Um dia marcante nesse pleito, aconteceu logo de manhã, um estranho objeto no céu da Piracuruca chamava a atenção de todos, era um balão, tripulado e com um imenso nome escrito: Hugo Napoleão, logo abaixo do nome tinha o número “1”. Era a propaganda política chic da época, o garoto achou aquilo o máximo, nunca tinha visto um balão, só não foi melhor porque o balão não era do Alberto Silva.

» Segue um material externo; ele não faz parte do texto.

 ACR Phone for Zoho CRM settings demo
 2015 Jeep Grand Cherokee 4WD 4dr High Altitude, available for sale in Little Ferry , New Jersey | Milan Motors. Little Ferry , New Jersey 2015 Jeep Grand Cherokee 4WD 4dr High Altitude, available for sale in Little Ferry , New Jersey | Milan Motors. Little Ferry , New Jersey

Na continuidade daquele dia, o garoto foi para o comitê, era o lugar preferido, colecionava retratos dos candidatos, difícil era o local da sua casa ou do velho Jeep que não tinha um retrato pregado. Lá no comitê percebeu que um carro de propaganda ia saindo para anunciar os candidatos pela cidade, pediu ao motorista Melo e ao locutor Chicão para ir também, saíram então os três, numa Belina 1 azul com dois megafones no teto. Entre uma locução e outra, a música que tocava era: “da manga rosa quero o gosto e o sumo, melão maduro, saputi, juá….” Era Alceu Valença, estremecendo a tarde da Piracuruca, naqueles potentes megafones.

Ao emparelhar com a Forquilha, na saída sul da cidade, um barulho ensurdecedor vindo do céu, superou em muito a “Manga Rosa do Alceu Valença”, era na verdade, voos rasantes de aviões supersônicos, provavelmente em algum exercício militar. O garoto ficou maravilhado com aquilo, em um dia que tinha começado com um balão e naquele momento ele via aqueles fantásticos aviões. Para encerrar com chave de outro esse dia inesquecível, só mesmo uma pausa já quase à noite para bater bola na Praça de Santo Antônio, antes de se lembrar que tinha casa e precisava voltar e ouvir umas broncas de sua mãe.

Nessa eleição, para prefeito era PMDB do candidato Gonçalin, contra o PDS do candidato Zé Brito, era Gato contra Rato. Gonçalim saiu vitorioso, já para o governo do estado, Alberto Silva do PMDB perdeu para Hugo Napoleão do PDS, os demais candidatos da chapa apoiada por Antônio Terto, todos foram eleitos, inclusive ele.


A “Trombeta” era um mini jornal político, surgido após a eleição de 1982, com críticas políticas ao prefeito eleito Gonçalim

Antônio Terto foi eleito para o primeiro dos três mandatos que disputou e ganhou, além desse de 1982, teve também o de 1988 e o de 1992. Estendeu a sua carreira como vereador até 1992, quando no ano seguinte, o seu reduto eleitoral se emancipou de Piracuruca: o Saco dos Polidoros passou para Brasileira e a Data Batalha passou para São João da Fronteira. Tinha a opção de se candidatar até mesmo a prefeito dessas duas cidades, mas, mesmo assim, ele resolveu não se candidatar mais nas eleições seguintes.


Cartaz político da eleição de 1988

Tomando posse como vereador, ao lado a filha Lilian

Vereadores Clidenor (falecido), Ormeu e Antônio Terto

Vereadores Dainha, Antonio Terto e Valder

Confraternização dos vereadores

Discurso do vereador Antônio Terto

Em Brasília no ano de 1985

Mesmo sem exercer diretamente cargo político, Antônio Terto continuou como servidor do município, atuando como Secretário de Administração e finalmente Secretário de Obras por longos anos, até 2016, sua primeira obra de destaque foi o Complexo Turístico Prainha em 1996. Hoje, não ocupa mais cargo público, mas na veia ainda corre o sangue da política, mais viva do que nunca, e se lhe falta o vigor para encarar uma árdua campanha, lhe sobra experiência e com certeza, felizes estão os que tem consciência disso e estão dialogando politicamente com ele.